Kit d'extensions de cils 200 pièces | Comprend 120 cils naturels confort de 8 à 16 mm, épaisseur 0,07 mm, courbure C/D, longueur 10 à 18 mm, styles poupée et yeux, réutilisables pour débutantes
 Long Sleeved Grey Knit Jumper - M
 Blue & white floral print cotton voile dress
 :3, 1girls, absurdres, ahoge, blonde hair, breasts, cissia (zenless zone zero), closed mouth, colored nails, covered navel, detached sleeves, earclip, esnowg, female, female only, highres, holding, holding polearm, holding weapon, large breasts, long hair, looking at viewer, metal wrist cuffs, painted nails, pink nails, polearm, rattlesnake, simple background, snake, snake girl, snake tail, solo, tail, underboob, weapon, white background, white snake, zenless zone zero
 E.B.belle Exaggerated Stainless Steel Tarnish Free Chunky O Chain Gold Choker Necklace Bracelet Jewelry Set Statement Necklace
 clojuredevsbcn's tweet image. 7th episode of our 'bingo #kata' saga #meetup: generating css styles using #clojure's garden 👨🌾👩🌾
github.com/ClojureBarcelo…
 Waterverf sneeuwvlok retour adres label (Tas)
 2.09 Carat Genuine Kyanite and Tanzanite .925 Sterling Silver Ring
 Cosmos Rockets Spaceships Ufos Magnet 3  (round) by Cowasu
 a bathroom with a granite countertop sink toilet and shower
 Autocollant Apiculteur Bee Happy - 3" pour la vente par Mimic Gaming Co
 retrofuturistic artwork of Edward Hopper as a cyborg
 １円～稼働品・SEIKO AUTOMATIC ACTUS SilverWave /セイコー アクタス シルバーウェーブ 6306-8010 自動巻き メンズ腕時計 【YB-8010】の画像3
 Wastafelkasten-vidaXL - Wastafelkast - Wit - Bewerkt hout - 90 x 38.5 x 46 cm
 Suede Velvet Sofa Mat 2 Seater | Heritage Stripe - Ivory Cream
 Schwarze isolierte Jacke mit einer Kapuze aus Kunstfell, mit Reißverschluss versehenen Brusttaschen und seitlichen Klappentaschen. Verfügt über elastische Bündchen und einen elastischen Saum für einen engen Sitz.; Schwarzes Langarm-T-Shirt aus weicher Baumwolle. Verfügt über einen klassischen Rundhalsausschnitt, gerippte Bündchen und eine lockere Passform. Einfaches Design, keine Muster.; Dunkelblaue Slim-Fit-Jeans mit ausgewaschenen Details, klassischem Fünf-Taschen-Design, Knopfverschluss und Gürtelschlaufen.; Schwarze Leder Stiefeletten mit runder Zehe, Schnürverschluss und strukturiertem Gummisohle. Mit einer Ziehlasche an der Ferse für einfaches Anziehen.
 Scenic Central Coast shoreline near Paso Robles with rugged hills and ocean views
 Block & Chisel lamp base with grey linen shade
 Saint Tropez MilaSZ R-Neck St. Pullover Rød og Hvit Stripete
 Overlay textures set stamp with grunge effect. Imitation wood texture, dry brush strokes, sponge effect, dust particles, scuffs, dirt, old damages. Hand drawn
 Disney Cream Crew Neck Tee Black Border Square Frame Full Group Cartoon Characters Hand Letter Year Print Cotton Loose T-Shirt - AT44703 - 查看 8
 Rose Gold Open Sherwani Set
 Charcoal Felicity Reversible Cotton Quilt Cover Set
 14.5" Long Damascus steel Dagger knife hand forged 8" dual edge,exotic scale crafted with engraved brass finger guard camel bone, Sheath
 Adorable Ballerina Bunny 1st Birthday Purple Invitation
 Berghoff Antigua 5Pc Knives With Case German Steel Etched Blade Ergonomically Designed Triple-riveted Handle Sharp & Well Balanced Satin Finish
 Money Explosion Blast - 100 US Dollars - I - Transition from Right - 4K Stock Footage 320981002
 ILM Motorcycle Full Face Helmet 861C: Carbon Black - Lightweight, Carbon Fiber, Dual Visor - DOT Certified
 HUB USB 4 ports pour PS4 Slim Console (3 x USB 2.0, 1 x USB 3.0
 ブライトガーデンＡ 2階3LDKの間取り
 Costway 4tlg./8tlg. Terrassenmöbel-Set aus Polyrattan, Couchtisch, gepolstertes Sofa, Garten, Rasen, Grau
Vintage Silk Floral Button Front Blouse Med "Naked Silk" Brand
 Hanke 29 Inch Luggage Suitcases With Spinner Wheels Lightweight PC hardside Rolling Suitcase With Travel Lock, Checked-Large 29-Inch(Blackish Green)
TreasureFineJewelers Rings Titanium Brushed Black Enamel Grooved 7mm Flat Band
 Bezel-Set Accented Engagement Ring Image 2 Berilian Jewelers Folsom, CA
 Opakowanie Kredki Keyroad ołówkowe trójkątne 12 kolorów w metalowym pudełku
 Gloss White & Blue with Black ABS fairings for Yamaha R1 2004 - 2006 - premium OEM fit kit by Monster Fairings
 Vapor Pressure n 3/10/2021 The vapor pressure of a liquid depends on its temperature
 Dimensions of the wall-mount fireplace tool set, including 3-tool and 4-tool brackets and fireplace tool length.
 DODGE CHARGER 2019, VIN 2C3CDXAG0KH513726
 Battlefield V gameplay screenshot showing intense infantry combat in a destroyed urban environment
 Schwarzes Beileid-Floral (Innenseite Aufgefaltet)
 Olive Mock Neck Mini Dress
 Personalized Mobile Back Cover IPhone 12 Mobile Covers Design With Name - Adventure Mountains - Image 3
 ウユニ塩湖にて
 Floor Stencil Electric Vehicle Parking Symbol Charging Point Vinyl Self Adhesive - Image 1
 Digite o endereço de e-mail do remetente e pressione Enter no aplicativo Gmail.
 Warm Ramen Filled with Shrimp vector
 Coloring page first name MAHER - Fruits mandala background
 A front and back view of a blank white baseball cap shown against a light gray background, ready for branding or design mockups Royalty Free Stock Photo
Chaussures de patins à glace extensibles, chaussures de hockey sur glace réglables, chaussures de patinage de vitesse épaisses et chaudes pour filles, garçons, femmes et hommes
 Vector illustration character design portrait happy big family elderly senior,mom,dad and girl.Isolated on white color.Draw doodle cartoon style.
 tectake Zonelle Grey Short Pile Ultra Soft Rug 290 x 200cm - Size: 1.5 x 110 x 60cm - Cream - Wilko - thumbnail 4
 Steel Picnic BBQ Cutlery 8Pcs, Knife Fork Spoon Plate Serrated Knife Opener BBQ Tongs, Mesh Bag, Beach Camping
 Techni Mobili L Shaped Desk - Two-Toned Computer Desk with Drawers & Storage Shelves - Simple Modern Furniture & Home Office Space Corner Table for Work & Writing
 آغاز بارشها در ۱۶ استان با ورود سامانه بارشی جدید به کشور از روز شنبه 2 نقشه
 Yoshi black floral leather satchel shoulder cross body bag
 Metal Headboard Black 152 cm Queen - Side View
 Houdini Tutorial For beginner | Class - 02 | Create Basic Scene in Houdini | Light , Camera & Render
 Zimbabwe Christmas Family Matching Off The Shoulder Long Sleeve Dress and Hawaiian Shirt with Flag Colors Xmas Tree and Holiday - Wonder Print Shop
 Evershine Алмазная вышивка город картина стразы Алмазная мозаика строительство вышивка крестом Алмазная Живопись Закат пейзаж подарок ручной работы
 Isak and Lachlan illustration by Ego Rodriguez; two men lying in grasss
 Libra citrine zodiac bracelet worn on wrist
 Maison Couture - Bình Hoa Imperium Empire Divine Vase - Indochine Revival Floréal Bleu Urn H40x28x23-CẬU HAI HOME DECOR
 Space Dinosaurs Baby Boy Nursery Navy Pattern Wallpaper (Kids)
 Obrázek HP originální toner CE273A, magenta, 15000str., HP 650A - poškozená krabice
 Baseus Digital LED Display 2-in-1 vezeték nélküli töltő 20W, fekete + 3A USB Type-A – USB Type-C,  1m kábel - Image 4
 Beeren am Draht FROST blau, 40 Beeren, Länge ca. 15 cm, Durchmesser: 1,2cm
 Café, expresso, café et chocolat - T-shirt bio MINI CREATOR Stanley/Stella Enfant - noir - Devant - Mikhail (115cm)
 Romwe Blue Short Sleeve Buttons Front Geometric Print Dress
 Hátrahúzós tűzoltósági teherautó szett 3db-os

**Work to complete**
Exact reproduction is required: output the lines from the start of the entries above through the line with "Long Sleeved Grey Knit Jumper - M".

**The completed task**
Kit d'extensions de cils 200 pièces | Comprend 120 cils naturels confort de 8 à 16 mm, épaisseur 0,07 mm, courbure C/D, longueur 10 à 18 mm, styles poupée et yeux, réutilisables pour débutantes
 Long Sleeved Grey Knit Jumper - M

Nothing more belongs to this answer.